8. Good packages never die. It’s fascinating how often good forms can be resuscitated. Take, for example, Harper’s Weekly, founded in 1857. Harper’s Weekly was not the first great illustrated weekly but it was among the most successful, achieving 160,000 circulation by the early 1870s and an almost iconic status as the graphical record of its times. In 1936 Henry Luce’s Life harnessed the power of the photograph in almost exactly the same package—a large format, lavishly illustrated newsweekly—and it too became a runaway success. The differences between the two magazines are essentially superficial. Another example is the serial cliffhanger. Several hundred popular “story papers” were published in the 19th century, featuring melodramatic serials that left readers hanging in suspense from one weekly installment to the next. The formula was transferred lock, stock, and barrel to radio in the early 20th century. Romantic serials were often sponsored by companies like Proctor & Gamble and were called soap operas. Lo and behold, the same formula worked for TV, too.

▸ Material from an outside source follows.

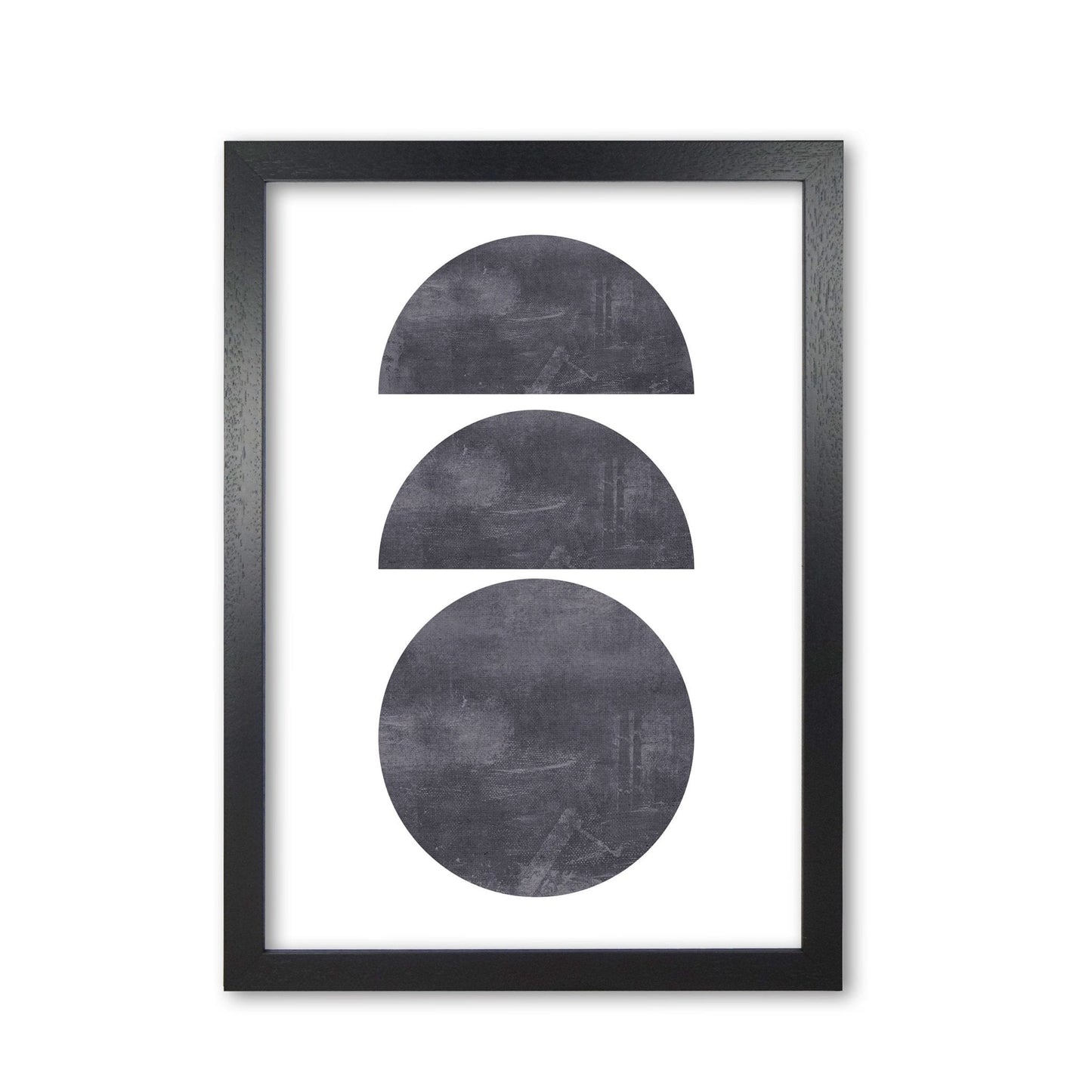 Abstract scratched texture circles modern fine art print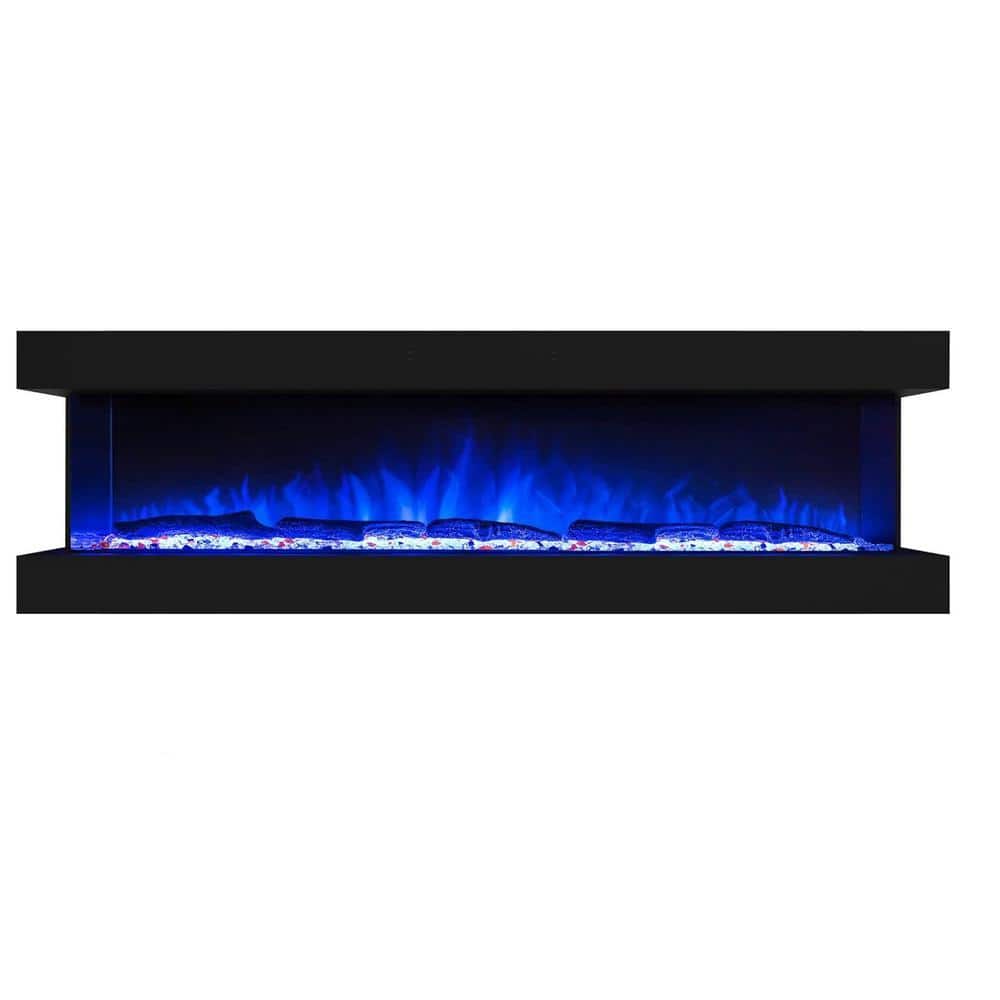 Prismaster ...keeps your home stylish 3-Sided 76 in. Recessed and Wall-Mount Electric Fireplace Insert, Decoration for Living Room with 3-Flame Colors, Remote (1)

9. Novelty tarnishes. “Novelty” and “innovation” share the same linguistic root, but their meanings are very different. There’s lots of novelty in the world, and it almost always proves ephemeral. Innovation can be a little harder to identify at first, but it lasts a lot longer. Publishers are often alarmed by novelty, but over the long haul novelty seldom justifies concern. We submit that when it comes to new technology, adoption rates aren’t as important as the subsequent rates of abandonment.
In business there usually isn’t much difference between wisdom and common sense… both are equally hard to find. That may be why some of these patterns and trends seem self-evident in summary. It almost goes without saying that the conclusions you draw are more valuable than the trends themselves. And it’s worth the effort to draw conclusions. Considering that the survival rates of American magazines aren’t much different today than they were in the 18th century, we wonder how many publishers doom themselves because they forget (or overlook) the past.
Our benediction comes from H. L. Mencken, who identified one of the greatest of all historical truths:
“No one in this world, so far as I know—and I have researched the records for years, and employed agents to help me—has ever lost money by underestimating the intelligence of the great masses of the plain people. Nor has anyone ever lost public office thereby.”